Apple, Nvidia, Anthropic Used Thousands of Swiped YouTube Videos to Train AI
๐ Abstract
The article investigates how AI companies have used material from thousands of YouTube videos to train their AI models, despite YouTube's rules against harvesting materials from the platform without permission. The investigation found that subtitles from 173,536 YouTube videos, siphoned from more than 48,000 channels, were used by major tech companies like Anthropic, Nvidia, Apple, and Salesforce.

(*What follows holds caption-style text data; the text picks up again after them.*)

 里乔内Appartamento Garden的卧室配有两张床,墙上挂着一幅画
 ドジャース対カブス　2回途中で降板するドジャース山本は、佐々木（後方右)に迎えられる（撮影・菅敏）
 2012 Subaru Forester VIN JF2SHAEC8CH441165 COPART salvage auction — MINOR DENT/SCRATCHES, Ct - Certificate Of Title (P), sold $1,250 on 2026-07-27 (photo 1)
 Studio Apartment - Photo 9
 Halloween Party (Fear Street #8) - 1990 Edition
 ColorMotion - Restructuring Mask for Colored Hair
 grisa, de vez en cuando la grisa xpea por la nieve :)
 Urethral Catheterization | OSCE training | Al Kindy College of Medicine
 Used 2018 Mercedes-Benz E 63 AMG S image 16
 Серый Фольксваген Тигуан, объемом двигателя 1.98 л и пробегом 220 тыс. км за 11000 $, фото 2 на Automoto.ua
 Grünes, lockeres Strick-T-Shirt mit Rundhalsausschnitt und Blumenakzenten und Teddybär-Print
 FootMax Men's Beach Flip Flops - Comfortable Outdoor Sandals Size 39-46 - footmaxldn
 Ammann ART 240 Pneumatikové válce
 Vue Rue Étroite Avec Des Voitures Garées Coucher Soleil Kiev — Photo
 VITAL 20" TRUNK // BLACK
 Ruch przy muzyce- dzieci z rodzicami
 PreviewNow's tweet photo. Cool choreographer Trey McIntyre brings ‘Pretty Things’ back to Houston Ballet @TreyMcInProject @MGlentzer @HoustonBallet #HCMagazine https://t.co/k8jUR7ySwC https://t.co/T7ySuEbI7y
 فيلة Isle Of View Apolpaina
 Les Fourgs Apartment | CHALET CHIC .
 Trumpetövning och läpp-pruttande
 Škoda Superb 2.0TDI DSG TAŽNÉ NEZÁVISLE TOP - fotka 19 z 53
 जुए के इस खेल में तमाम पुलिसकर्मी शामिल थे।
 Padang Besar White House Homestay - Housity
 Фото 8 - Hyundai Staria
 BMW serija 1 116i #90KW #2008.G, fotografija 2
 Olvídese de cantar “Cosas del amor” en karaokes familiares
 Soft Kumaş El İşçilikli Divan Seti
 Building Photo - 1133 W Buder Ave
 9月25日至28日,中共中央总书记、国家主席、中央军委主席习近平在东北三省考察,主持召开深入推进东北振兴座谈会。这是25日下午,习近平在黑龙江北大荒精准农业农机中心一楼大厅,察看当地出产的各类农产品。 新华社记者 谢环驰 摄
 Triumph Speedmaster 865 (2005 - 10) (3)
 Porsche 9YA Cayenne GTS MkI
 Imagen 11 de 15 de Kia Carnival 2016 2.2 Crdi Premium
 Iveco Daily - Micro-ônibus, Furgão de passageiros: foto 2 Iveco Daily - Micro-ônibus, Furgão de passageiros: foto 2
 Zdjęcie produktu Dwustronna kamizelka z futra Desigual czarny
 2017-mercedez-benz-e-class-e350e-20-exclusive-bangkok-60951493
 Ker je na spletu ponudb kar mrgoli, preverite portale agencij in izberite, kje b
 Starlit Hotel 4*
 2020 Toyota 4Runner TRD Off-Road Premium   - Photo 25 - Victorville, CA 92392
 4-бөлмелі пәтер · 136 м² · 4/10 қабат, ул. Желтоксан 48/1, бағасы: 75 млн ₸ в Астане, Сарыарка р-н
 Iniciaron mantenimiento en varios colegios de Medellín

The article discusses the concerns of YouTube creators whose work was used without their consent, as well as the legal implications and debates around the use of such data for training AI models.
๐ Q&A
[01] AI Companies Using YouTube Videos for Training
1. What did the investigation by Proof News find about AI companies using YouTube videos to train their models?
- The investigation found that subtitles from 173,536 YouTube videos, siphoned from more than 48,000 channels, were used by major tech companies like Anthropic, Nvidia, Apple, and Salesforce to train their AI models.
- The dataset, called YouTube Subtitles, contained video transcripts from educational and online learning channels like Khan Academy, MIT, and Harvard, as well as content from media outlets like The Wall Street Journal, NPR, and the BBC.
- The dataset also included material from popular YouTube creators like MrBeast, Marques Brownlee, Jacksepticeye, and PewDiePie, without their consent.
2. How did the creators feel about their content being used without permission?
- Many creators were unaware that their content had been used to train AI models, and expressed frustration and concern about the unauthorized use of their work.
- David Pakman, host of "The David Pakman Show," said that if AI companies are profiting from the use of his content, he should be compensated for it, as it is his livelihood.
- Dave Wiskus, the CEO of Nebula, a streaming service partially owned by its creators, called the unauthorized use of creators' work "theft" and "disrespectful," especially since it could be used to replace artists.
3. What were the concerns raised about the content used to train the AI models?
- The dataset contained profanity, as well as instances of racial and gender slurs, which could lead to "vulnerabilities and safety concerns" in the AI models trained on this data.
- The dataset also included subtitles from more than 12,000 videos that have since been deleted from YouTube, meaning the creators' work has been incorporated into an unknown number of AI models without their knowledge or consent.
[02] Legal Implications and Debates
1. How have other AI training datasets faced legal challenges?
- Similar to the YouTube Subtitles dataset, the Books3 dataset, which contained over 180,000 books, including works by authors like Margaret Atwood, Michael Pollan, and Zadie Smith, faced legal challenges from authors who alleged copyright violations.
- While some of these cases have been voluntarily dismissed, the legal questions surrounding permission and payment for the use of creative works in AI training remain unresolved.
2. What are the arguments made by AI companies regarding the use of such datasets?
- Defendants like Meta, OpenAI, and Bloomberg have argued that their use of the datasets constitutes fair use, but the litigation in these cases is still in the early stages.
- The Pile dataset, which included the YouTube Subtitles, has been removed from its official download site, but is still available on file-sharing services.
3. How do experts view the actions of technology companies in regards to the use of creative works for AI training?
- Consumer protection attorney Amy Keller said that technology companies have "run roughshod" over the concerns of creators, and that the real issue is that people didn't have a choice in the matter of their work being used.
- AI policy researcher Jai Vipra noted that AI companies compete by procuring higher-quality data, which is why they keep their data sources secret, and that datasets like YouTube Subtitles are seen as a "gold mine" for training AI models.